> Task directions: Skip the pictures. Retype exactly, and only, the lines between the line holding "Pittsburgh Steelers NFL" and the last line below, inclusive.

> Exercise inputs:
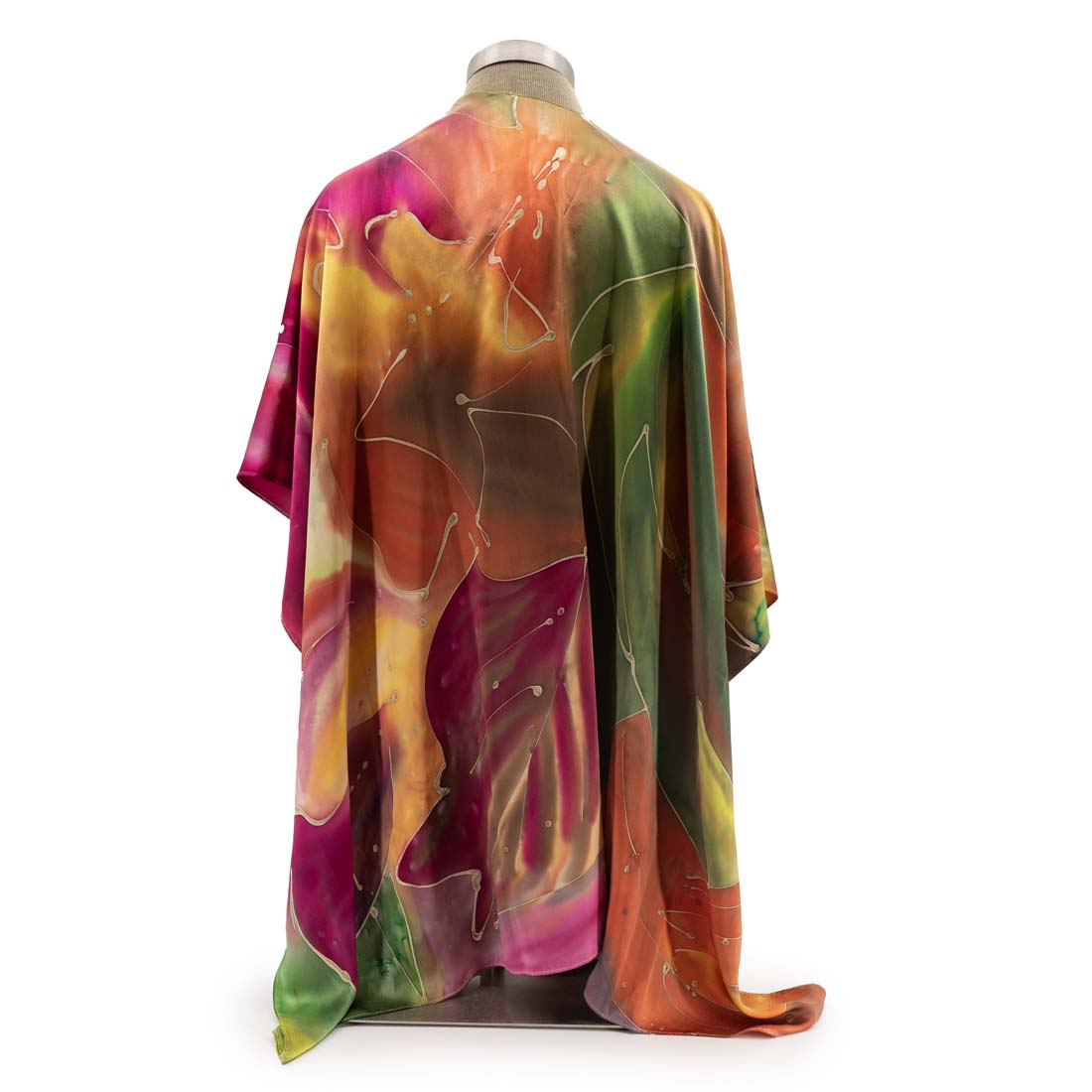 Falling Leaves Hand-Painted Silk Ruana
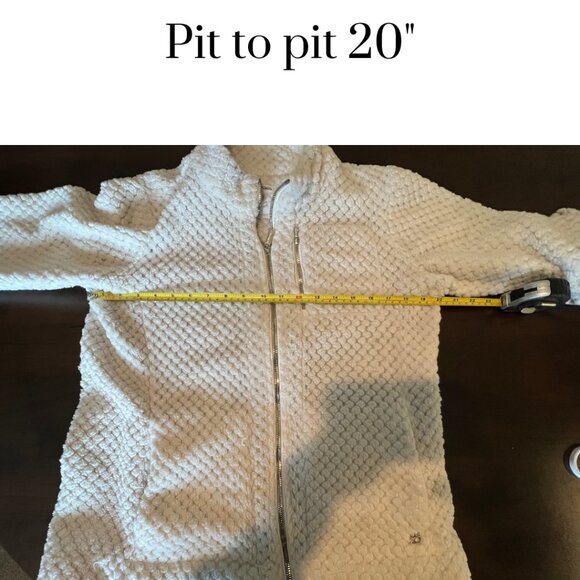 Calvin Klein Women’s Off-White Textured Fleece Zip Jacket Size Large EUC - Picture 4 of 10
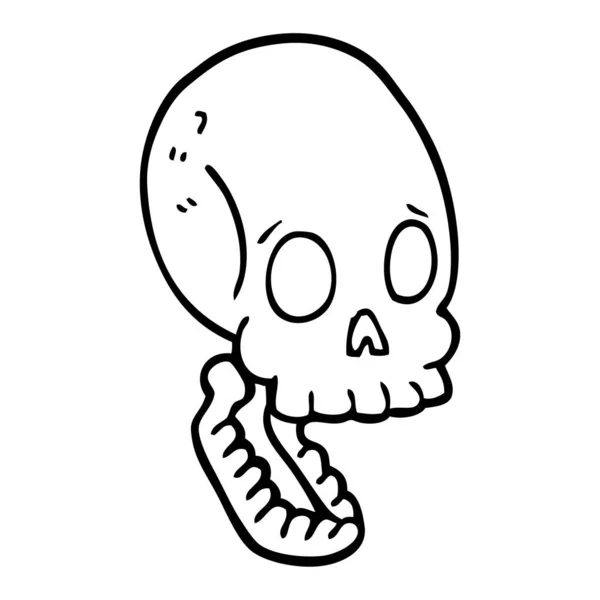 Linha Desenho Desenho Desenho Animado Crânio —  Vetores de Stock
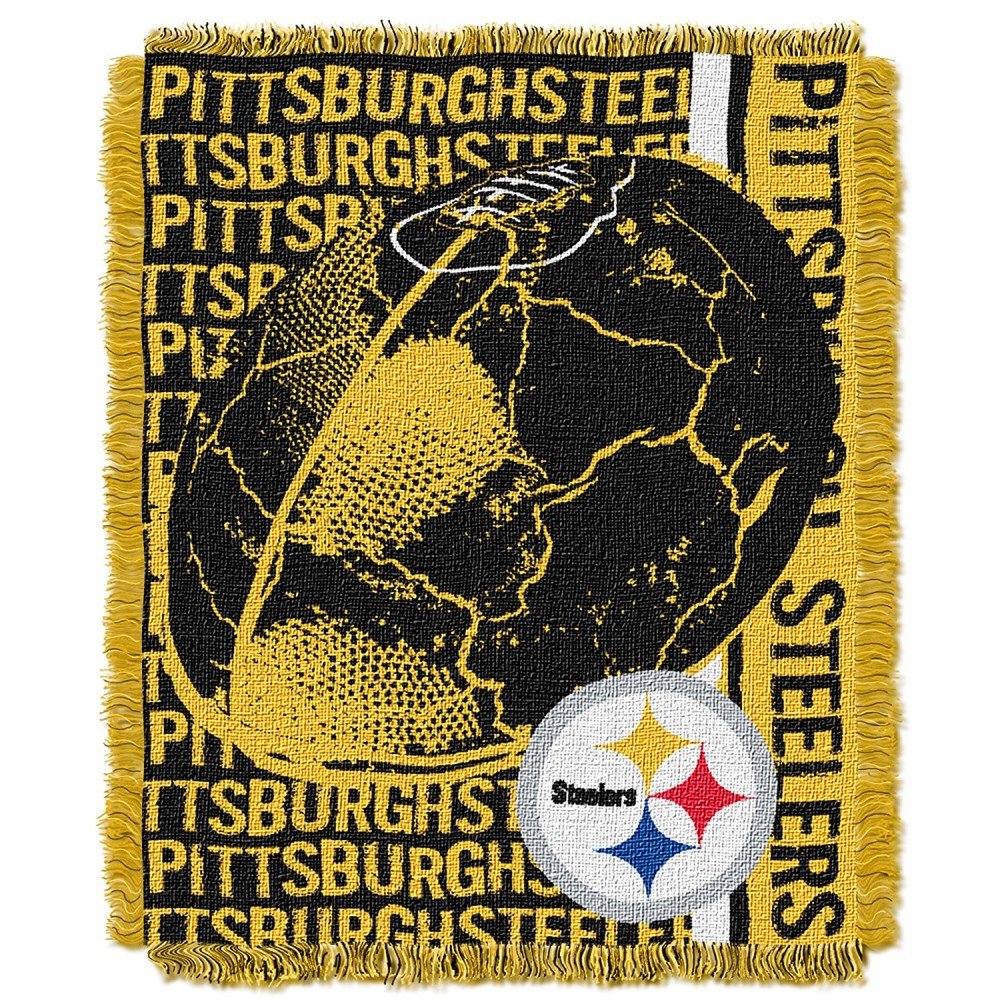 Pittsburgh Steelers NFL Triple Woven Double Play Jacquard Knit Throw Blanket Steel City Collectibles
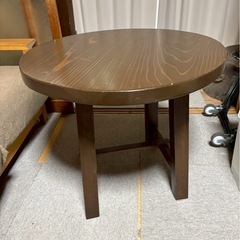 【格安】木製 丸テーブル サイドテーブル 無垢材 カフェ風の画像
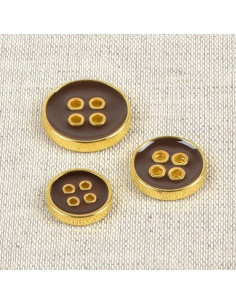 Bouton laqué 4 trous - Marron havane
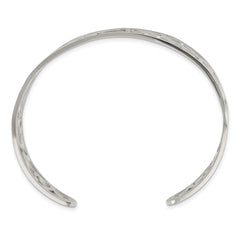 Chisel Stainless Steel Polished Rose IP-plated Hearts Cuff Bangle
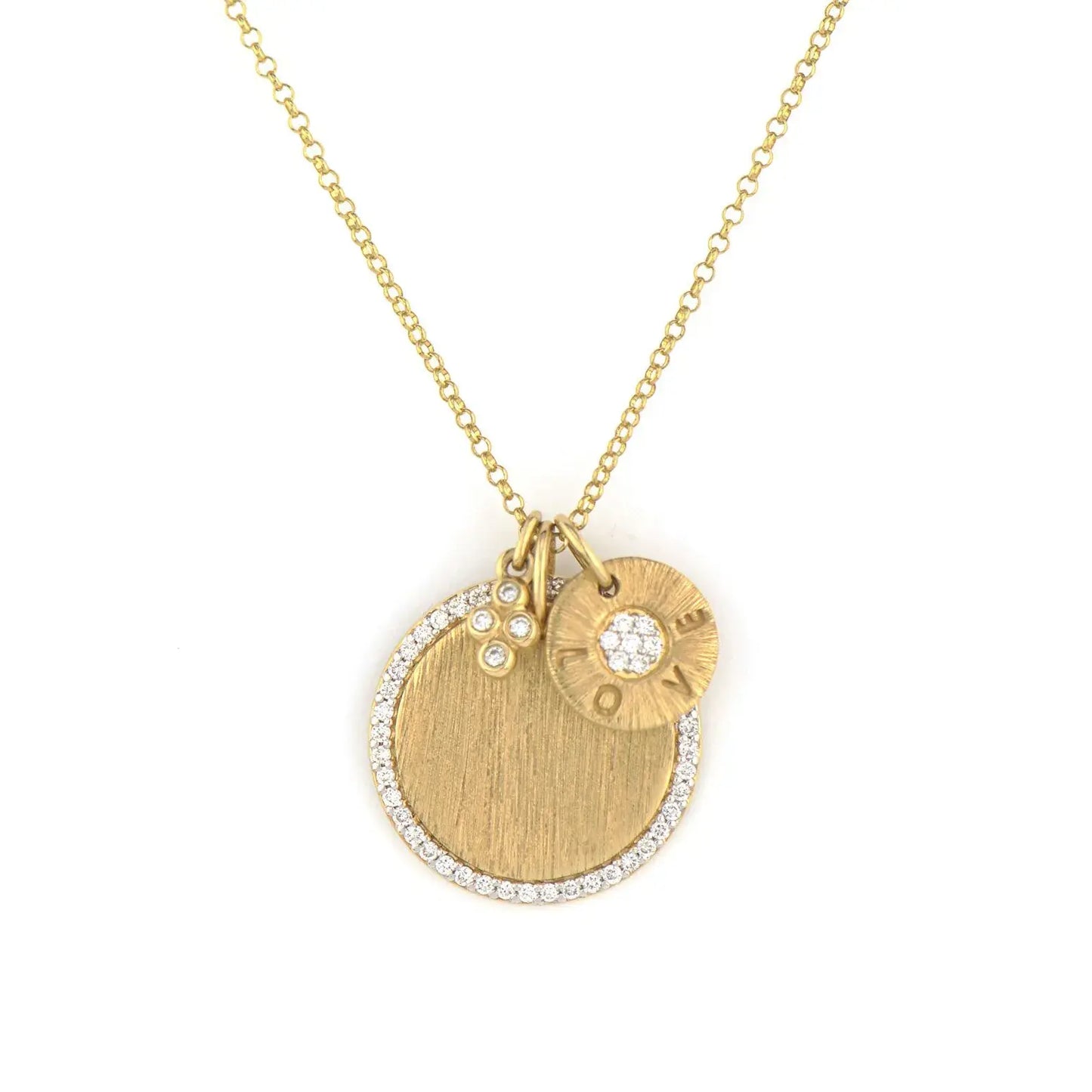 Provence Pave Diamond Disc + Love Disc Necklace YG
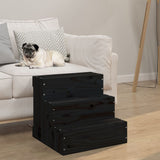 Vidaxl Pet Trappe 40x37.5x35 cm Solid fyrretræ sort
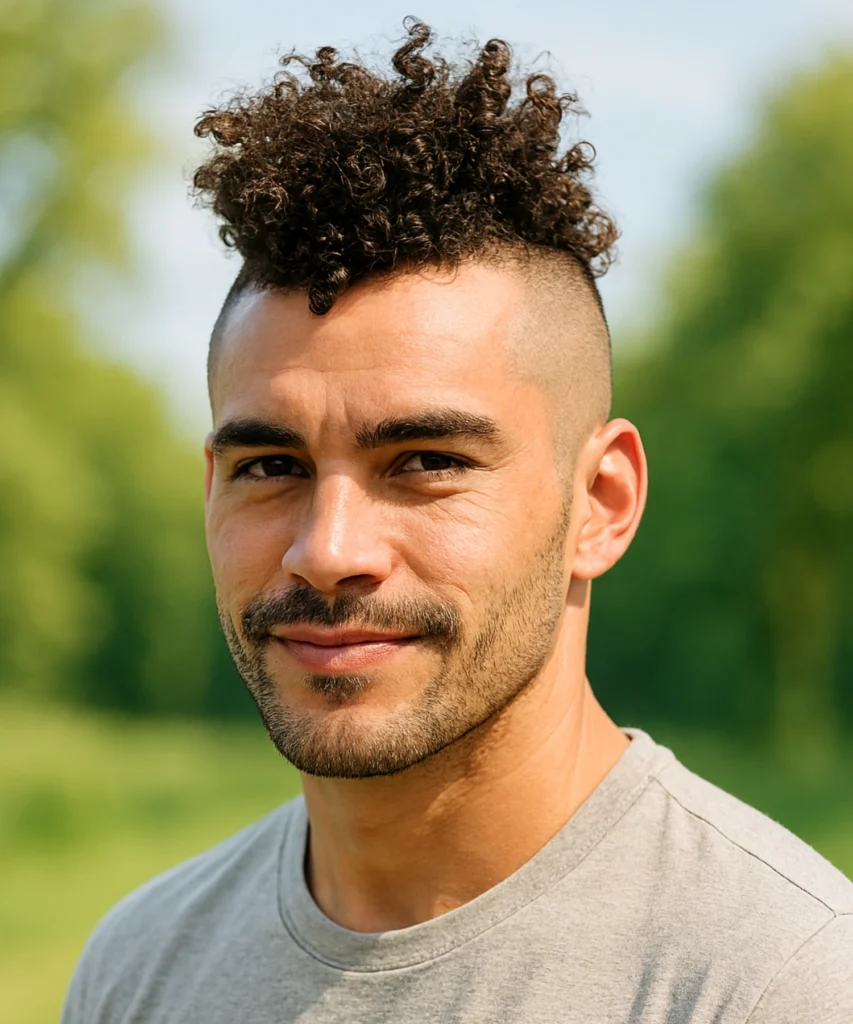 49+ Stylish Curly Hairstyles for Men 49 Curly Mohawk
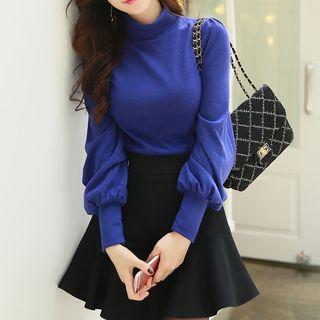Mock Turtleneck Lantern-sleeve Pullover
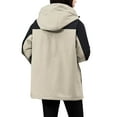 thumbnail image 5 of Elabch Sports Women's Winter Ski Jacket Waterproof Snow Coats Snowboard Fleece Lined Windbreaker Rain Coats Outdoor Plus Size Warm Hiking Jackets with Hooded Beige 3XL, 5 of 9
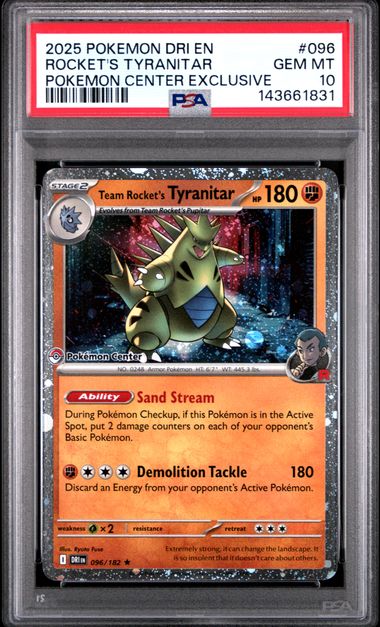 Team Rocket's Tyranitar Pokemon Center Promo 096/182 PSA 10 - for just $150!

> Output below:
 Pittsburgh Steelers NFL Triple Woven Double Play Jacquard Knit Throw Blanket Steel City Collectibles
 【格安】木製 丸テーブル サイドテーブル 無垢材 カフェ風の画像
 Bouton laqué 4 trous - Marron havane
 Chisel Stainless Steel Polished Rose IP-plated Hearts Cuff Bangle
 Provence Pave Diamond Disc + Love Disc Necklace YG
 Vidaxl Pet Trappe 40x37.5x35 cm Solid fyrretræ sort
 49+ Stylish Curly Hairstyles for Men 49 Curly Mohawk
Mock Turtleneck Lantern-sleeve Pullover
 thumbnail image 5 of Elabch Sports Women's Winter Ski Jacket Waterproof Snow Coats Snowboard Fleece Lined Windbreaker Rain Coats Outdoor Plus Size Warm Hiking Jackets with Hooded Beige 3XL, 5 of 9
 Team Rocket's Tyranitar Pokemon Center Promo 096/182 PSA 10 - for just $150!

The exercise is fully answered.